Farmer Joel Salatin respects the Chicken-ness of the Chicken |
Since food is something that has always interested me, I wrote a series of articles last year
about the theology of healthy eating. Although I was careful to frame
my discussion in terms of wisdom, cultural reformation, and aesthetics,
predictably I had friends who interpreted my articles as a call for
culinary Phariseeism, or who thought I was saying that being unhealthy
is sinful. It reminded me of another conversation I once had where I had
been arguing that diatonic music best reflects the nature of the
Trinitarian God, and a friend thought I was saying that listening to
pentatonic music must therefore be sinful.
Those two interchanges alerted me to an important point,
which is that many Christians do not even have the categories to
address questions about the right-ordering of nature independent to
questions of sin. Because we are legalists at heart, we are quick to
reduce everything to a moral issue before we know how to think about it.
However, consider a question that a friend of mine will often bring up
to his students. Is it sinful to put a cow in a chicken coup? Well, no.

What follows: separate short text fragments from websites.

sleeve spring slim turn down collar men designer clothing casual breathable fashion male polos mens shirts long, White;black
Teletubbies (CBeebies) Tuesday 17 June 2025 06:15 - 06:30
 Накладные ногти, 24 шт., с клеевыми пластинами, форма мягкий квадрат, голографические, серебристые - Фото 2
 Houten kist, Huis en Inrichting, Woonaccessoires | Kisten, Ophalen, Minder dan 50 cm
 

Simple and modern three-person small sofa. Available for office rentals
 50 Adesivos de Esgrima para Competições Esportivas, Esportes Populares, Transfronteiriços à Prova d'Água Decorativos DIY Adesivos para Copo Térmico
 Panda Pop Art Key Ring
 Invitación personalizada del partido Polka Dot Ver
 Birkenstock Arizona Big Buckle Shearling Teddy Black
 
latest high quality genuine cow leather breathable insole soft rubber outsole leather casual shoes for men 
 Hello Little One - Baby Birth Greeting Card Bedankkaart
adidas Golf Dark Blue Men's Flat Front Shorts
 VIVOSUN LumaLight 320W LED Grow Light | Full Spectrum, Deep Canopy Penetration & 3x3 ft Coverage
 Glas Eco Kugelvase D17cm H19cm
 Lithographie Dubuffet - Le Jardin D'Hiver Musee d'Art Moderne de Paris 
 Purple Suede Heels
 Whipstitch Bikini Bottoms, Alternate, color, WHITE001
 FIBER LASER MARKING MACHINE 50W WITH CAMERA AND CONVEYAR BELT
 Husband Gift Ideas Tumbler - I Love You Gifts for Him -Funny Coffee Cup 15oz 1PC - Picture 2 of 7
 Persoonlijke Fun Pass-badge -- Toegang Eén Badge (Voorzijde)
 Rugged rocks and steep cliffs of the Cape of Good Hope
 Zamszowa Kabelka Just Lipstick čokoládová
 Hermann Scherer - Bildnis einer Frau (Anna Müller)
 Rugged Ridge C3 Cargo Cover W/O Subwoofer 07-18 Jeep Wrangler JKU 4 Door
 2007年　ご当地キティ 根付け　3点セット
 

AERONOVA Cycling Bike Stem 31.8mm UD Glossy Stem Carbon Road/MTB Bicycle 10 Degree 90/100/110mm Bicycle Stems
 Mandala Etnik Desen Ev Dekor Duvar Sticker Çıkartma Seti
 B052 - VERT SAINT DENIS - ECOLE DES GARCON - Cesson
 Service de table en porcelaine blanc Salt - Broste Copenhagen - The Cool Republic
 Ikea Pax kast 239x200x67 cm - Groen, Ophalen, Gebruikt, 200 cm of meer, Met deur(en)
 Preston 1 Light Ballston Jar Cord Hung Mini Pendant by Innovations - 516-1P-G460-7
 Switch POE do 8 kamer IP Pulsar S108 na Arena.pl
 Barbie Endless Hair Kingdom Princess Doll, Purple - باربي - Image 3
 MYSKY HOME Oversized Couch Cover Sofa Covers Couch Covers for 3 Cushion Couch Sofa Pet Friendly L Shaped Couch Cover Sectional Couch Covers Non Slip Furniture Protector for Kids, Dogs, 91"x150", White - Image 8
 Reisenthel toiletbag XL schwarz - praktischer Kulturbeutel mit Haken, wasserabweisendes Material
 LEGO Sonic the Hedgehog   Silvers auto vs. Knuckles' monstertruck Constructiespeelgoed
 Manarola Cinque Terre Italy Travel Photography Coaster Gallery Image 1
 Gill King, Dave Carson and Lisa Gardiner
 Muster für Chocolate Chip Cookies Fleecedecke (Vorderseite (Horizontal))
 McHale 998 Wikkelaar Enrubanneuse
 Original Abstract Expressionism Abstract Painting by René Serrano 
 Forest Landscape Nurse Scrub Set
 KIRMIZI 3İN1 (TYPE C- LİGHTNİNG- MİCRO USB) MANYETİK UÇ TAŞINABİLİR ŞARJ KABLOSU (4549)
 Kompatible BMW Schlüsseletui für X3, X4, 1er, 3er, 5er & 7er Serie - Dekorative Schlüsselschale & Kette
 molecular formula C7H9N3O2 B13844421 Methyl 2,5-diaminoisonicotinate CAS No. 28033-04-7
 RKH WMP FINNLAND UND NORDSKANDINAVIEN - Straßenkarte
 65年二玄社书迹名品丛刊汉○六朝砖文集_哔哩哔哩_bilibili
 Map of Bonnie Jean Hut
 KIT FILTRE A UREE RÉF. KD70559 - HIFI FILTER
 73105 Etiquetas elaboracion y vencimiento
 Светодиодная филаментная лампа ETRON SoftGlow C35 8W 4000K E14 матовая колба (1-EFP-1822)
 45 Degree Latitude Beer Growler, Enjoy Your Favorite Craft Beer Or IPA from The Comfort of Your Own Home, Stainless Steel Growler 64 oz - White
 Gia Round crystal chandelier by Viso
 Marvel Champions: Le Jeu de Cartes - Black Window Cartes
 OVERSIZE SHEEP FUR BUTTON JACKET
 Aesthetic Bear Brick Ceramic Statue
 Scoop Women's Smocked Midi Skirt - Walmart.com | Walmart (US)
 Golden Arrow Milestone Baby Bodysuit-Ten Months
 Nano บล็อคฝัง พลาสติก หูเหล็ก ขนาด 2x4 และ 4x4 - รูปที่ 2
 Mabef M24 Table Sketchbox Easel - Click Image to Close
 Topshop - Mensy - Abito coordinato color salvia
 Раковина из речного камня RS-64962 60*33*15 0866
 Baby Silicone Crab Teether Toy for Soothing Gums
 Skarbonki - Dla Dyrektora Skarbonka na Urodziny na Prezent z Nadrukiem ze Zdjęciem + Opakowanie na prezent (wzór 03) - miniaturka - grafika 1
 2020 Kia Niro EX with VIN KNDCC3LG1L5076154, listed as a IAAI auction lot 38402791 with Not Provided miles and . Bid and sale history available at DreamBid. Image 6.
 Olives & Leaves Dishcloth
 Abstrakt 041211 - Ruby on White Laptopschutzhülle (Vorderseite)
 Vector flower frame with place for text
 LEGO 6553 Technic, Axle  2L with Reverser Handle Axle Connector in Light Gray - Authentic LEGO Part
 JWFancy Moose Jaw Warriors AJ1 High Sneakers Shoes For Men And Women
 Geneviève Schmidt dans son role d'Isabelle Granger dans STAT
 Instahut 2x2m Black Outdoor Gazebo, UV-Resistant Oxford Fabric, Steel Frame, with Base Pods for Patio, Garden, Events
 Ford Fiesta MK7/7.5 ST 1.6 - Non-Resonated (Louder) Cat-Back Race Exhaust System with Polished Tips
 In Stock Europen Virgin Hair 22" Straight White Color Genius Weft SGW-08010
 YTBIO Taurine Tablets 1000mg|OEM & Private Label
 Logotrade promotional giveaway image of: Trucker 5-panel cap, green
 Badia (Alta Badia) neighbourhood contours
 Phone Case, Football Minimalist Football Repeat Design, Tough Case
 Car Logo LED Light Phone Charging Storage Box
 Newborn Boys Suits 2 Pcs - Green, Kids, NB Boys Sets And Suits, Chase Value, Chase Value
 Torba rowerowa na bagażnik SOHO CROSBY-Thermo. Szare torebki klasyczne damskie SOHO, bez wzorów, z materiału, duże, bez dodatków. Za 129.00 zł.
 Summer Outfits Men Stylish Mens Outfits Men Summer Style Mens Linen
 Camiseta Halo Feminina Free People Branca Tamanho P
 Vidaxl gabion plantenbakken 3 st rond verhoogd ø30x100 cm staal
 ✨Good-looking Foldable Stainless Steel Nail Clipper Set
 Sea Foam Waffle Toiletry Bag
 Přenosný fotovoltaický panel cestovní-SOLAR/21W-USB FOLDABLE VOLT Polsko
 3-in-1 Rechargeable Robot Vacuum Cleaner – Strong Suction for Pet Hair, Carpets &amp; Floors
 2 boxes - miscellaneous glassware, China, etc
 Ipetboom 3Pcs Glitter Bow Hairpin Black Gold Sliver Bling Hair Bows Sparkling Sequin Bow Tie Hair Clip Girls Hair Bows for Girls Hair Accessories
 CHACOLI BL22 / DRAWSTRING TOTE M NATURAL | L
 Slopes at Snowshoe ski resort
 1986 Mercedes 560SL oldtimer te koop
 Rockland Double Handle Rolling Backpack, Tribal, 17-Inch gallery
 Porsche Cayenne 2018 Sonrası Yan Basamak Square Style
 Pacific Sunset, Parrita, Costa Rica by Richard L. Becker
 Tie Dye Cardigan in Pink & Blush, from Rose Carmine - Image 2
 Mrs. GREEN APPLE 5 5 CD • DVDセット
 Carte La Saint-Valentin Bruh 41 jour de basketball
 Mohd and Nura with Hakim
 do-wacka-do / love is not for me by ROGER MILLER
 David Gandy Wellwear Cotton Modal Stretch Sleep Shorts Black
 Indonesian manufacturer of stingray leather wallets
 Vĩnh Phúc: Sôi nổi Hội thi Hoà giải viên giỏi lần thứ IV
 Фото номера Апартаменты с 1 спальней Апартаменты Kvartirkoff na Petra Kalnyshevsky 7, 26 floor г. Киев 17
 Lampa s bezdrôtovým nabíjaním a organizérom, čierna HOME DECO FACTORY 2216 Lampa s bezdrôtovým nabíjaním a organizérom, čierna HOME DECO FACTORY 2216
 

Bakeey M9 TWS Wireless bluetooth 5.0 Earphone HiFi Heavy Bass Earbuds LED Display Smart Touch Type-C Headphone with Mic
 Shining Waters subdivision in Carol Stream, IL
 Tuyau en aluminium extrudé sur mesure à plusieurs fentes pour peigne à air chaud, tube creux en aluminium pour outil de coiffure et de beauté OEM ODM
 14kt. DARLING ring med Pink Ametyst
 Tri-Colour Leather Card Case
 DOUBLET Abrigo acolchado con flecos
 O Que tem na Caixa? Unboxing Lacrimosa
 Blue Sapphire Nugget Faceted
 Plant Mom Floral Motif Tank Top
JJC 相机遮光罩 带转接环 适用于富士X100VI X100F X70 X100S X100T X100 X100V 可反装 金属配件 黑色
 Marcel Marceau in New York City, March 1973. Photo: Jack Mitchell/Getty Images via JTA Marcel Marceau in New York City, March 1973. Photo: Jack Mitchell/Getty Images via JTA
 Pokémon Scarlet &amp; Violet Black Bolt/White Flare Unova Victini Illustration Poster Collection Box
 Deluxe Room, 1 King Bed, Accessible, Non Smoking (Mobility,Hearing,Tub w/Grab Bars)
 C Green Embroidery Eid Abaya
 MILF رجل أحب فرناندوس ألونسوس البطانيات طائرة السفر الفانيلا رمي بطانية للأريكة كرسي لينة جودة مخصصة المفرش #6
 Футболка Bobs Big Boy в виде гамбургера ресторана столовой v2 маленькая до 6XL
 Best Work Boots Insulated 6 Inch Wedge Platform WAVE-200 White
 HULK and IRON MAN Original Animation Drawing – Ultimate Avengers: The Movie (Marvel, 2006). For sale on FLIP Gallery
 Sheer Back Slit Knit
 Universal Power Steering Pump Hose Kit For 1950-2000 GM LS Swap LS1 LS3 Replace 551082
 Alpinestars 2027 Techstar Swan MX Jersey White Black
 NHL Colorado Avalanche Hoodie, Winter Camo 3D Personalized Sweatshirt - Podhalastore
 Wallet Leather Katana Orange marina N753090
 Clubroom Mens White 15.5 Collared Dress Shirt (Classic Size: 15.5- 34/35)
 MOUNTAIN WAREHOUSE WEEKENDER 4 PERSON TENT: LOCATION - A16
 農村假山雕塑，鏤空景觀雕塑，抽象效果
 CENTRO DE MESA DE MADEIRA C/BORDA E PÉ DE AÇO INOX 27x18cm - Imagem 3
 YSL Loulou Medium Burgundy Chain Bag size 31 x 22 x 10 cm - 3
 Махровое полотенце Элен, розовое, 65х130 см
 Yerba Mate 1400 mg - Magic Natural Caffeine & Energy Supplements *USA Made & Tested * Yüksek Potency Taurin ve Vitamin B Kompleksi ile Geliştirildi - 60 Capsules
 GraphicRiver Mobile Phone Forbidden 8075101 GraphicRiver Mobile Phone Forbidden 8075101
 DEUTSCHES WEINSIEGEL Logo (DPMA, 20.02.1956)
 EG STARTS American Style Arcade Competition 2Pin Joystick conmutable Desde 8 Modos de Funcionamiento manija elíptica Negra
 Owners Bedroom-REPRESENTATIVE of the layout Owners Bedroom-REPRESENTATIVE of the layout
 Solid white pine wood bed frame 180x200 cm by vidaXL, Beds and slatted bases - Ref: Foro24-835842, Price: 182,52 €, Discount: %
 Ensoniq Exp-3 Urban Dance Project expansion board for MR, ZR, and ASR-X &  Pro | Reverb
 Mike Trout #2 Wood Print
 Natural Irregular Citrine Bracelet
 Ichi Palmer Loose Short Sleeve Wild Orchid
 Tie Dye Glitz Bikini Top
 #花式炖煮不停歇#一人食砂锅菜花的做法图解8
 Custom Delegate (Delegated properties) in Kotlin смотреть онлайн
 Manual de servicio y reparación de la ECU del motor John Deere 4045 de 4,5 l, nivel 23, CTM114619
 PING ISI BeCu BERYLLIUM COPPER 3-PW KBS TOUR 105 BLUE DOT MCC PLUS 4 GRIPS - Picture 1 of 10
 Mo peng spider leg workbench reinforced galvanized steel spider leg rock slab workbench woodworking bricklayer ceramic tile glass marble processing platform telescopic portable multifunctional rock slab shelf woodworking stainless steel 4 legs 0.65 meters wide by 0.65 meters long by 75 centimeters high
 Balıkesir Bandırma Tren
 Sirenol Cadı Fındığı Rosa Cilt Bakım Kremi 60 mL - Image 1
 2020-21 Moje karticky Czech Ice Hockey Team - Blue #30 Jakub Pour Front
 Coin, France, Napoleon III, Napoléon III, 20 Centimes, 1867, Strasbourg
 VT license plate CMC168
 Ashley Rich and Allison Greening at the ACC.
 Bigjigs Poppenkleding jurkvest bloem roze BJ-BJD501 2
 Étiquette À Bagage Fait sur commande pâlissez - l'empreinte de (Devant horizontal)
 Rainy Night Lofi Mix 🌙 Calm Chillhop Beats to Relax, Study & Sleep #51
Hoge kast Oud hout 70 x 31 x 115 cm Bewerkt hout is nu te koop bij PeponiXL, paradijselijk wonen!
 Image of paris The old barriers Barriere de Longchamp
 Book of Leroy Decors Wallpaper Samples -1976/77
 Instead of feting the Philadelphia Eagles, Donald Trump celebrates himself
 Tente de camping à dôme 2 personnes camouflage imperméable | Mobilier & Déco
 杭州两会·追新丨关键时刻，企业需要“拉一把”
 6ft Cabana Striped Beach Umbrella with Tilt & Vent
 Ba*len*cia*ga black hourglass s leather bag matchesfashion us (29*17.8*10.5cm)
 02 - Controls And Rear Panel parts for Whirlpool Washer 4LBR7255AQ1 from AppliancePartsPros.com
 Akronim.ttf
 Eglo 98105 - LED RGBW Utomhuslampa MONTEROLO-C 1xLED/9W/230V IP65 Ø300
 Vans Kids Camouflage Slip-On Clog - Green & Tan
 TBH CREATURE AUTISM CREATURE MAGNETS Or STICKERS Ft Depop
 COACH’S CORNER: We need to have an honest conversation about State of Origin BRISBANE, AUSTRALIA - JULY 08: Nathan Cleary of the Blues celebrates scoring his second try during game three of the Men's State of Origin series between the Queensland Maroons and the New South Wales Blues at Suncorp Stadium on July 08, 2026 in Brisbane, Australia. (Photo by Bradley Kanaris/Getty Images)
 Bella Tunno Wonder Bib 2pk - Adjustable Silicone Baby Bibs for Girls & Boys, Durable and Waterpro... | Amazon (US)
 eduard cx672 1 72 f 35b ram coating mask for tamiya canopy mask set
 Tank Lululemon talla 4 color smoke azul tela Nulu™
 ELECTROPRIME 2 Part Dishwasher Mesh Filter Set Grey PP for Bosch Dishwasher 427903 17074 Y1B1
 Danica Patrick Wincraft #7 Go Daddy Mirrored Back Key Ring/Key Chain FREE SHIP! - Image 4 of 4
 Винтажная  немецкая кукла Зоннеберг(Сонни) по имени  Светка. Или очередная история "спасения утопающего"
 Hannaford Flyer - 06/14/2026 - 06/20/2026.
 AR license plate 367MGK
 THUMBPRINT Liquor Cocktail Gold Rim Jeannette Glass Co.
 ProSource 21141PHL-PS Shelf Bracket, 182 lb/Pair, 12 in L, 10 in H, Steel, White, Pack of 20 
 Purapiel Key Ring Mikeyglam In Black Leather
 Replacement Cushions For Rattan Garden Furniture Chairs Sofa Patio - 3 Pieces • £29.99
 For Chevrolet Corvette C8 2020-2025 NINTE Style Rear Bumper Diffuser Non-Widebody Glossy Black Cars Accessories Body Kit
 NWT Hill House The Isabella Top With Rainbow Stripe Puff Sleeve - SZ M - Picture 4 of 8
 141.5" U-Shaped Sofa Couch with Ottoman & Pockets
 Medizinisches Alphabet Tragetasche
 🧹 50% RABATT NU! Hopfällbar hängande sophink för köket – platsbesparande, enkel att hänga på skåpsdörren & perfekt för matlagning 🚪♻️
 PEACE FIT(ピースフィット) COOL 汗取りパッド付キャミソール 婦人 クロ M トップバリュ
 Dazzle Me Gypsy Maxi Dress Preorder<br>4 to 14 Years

But is it wise? Is it rightly ordered? Is it respecting the nature and
inherent telos of a cow? No, no, and no. God did not create
cows to do chicken-type things, just as He did not create chickens to do
the types of things that bees do.
You see, there is a whole realm inquiry that is prior to
questions of sin, namely questions about what is most fitting according
to the nature of a thing. To understand the nature of a thing, we must
appreciate what is the end, or telos for which it was created, and then respect that end unless it interferes with the telos of something more important.
One of the reasons why it is hard for Christians to
embrace a theology of food is because our nominalist presuppositions rob
us of the categories with which to talk meaningfully about the telos of
a thing (whether it be an animal or a human being), independent to
questions about right and wrong. Thus, the only objective criteria many
Christians recognize for making decisions in the area of food is
sin-avoidance, and since sin is not a category that applies to food in
the New Testament era, it is assumed that the only criteria we should
recognize is personal subjective choice.
However, both producers and consumers of food would
benefit from a strong dose of realist metaphysics. According to the
right ordering of our nature as human beings, is it more fitting to eat
stuff that was grown in the ground or produced in a laboratory?
According to the right ordering of a cow, is it more fitting for a
farmer to feed his cows grass or recycled animal products? According to
the right ordering of a chicken, is it more fitting to treat them like
bees and cram tens of thousands of them together in a barn?